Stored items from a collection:
********************
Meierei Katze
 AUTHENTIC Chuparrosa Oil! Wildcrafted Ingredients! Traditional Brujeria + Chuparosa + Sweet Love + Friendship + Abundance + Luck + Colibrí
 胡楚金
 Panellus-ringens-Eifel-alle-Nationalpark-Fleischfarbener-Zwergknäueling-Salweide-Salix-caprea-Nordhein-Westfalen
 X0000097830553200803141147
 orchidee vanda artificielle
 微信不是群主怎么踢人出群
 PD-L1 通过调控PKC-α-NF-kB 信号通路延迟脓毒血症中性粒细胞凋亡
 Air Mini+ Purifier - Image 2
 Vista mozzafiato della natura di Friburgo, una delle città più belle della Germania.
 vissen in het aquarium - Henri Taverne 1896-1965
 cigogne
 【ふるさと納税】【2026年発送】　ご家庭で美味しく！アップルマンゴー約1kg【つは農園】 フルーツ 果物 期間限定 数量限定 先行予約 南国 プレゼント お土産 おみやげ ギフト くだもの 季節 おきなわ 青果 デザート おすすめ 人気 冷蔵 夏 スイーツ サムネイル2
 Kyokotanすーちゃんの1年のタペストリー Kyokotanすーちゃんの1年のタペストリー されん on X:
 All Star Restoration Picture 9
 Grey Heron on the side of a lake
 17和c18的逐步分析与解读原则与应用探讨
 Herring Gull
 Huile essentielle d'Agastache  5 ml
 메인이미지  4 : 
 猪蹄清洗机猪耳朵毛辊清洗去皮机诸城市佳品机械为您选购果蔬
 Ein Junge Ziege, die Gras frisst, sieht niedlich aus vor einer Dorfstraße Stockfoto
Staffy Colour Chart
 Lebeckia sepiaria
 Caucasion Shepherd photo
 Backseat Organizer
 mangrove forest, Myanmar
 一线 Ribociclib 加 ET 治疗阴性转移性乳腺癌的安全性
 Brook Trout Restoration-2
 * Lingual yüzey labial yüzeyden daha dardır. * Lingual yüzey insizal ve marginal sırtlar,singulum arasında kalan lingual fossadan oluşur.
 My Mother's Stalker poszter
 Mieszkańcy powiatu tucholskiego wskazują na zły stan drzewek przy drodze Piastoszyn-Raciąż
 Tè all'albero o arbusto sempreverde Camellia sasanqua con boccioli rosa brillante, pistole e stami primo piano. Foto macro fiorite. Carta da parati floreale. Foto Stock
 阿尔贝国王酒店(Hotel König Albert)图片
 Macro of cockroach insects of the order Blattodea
********************
#### Task description
Copy out, word for word, the part of the entries above that begins at the line with "All Star Restoration Picture 9" and ends at the line with "Backseat Organizer", including both.

#### Solved exercise
 All Star Restoration Picture 9
 Grey Heron on the side of a lake
 17和c18的逐步分析与解读原则与应用探讨
 Herring Gull
 Huile essentielle d'Agastache  5 ml
 메인이미지  4 : 
 猪蹄清洗机猪耳朵毛辊清洗去皮机诸城市佳品机械为您选购果蔬
 Ein Junge Ziege, die Gras frisst, sieht niedlich aus vor einer Dorfstraße Stockfoto
Staffy Colour Chart
 Lebeckia sepiaria
 Caucasion Shepherd photo
 Backseat Organizer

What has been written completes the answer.